Fassin got Ganscerel alone at one point. ‘Chief Seer,’ he said. ‘I will do this remote delve, but if I feel it’s not good enough I’m going to have to insist on going direct.’ He gave Ganscerel space to say something, but the old man just looked him in the eye, head thrown back. ‘I do have authority,’ Fassin continued. ‘From the briefing, from Admiral Quile and the Complector Council. I realise it’s been compromised by people in-system coming to their own conclusions about the best way to tackle this problem, but if I think I need to, I’ll go as high and wide as I can to get my way.’

Ganscerel thought for a while, then smiled. ‘Do you think this delve - or delves, this mission - will be successful?’

‘No, Chief Seer.’

‘Neither do I. However, we must make the attempt and do all we can to make it successful, even so, and even though failure is probably guaranteed. We must be seen to do what we can, attempt not to offend those above us, and aim to protect the good name and the future prospects of the Slow Seers in general. These things we can definitely do. You agree?’

‘So far, yes.’

‘If you genuinely believe that you must delve directly, I shall not stand in your way. I shall not back you, either, because to do that in my position would be to tie myself too directly to a course of action I still regard as fundamentally foolhardy. In any other set of circumstances I would simply order you to do as your most senior Chief Seer tells you to do. However, you have been instructed from on high - from extremely on high - Fassin Taak, and that does alter things somewhat. However. Try this remote delve. You might be surprised. Then make your own mind up. I won’t stand in your way. The responsibility will be entirely yours. You have my full support in that.’ With a wink, Ganscerel turned away to talk to the heavy cruiser’s captain.

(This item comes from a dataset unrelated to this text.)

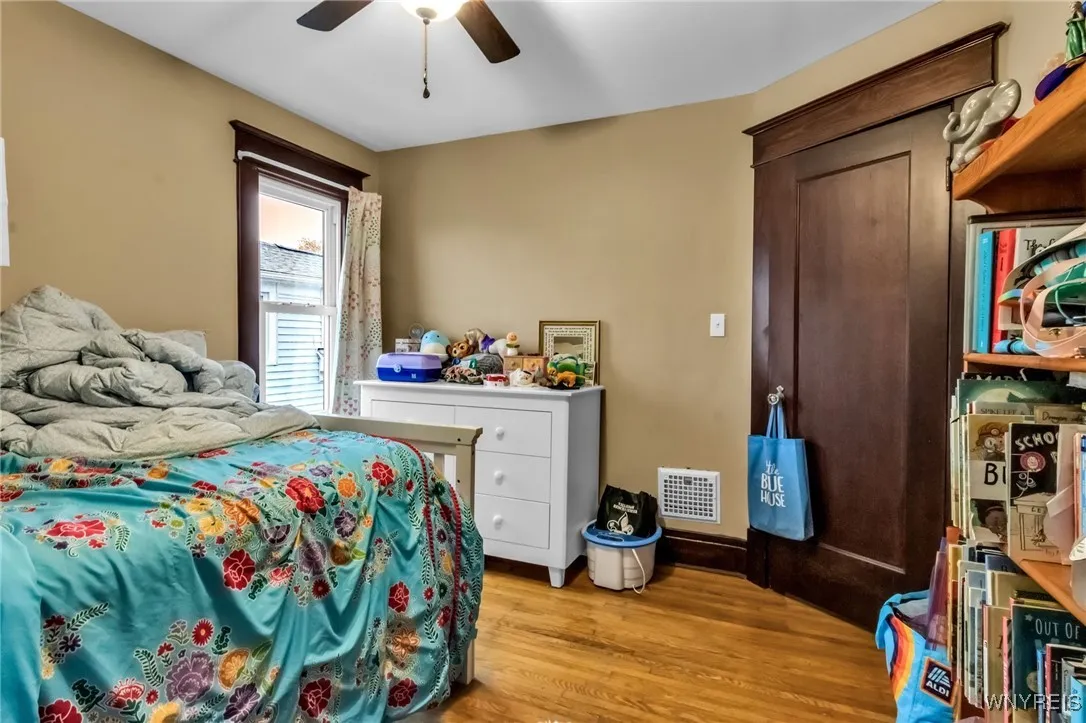 30 Chamberlin Drive, West Seneca, New York 14210, West Seneca, New York 14210, 5 Bedrooms Bedrooms, ,2 BathroomsBathrooms,Residential,For Sale,30 Chamberlin Drive, West Seneca, New York 14210,0,B1649650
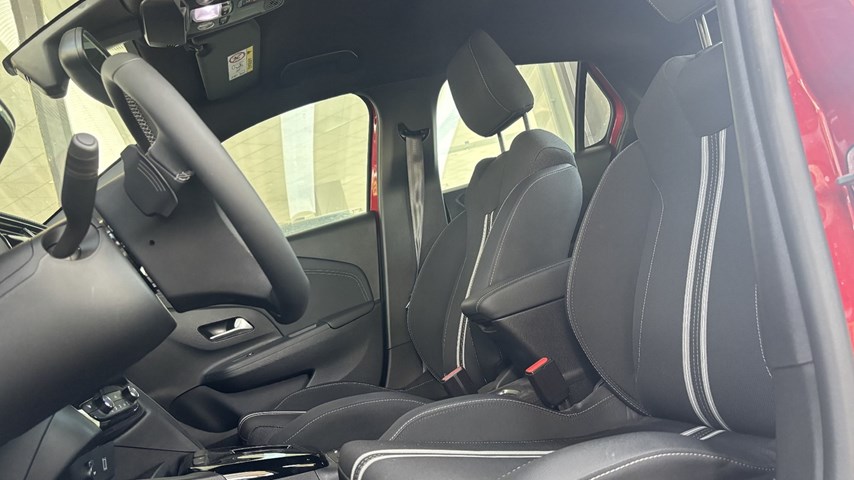 RABLJENO VOZILO OPEL CORSA GS LINE F 1,2 XHL AT6 MHEV Automatski mjenjač BENZIN 81355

Fassin reflected that being given full support had never felt so much like being hung out to dry.

The
Pyralis
blazed with its own trailed aurora as it entered the protective magnetombra of Third Fury, a little twenty-kilometre-wide ball of rock and metal orbiting just 120,000 kilometres above Nasqueron’s livid cloud tops. The gas-giant filled the sky, so close that its rotund bulk took on the appearance of a vast wall, its belts and zones of tearing, swirling, ever-eddying clouds looking like colossal contra-rotating, planet-wide streams of madly coloured liquid caught whirling past each other under perfectly transparent ice.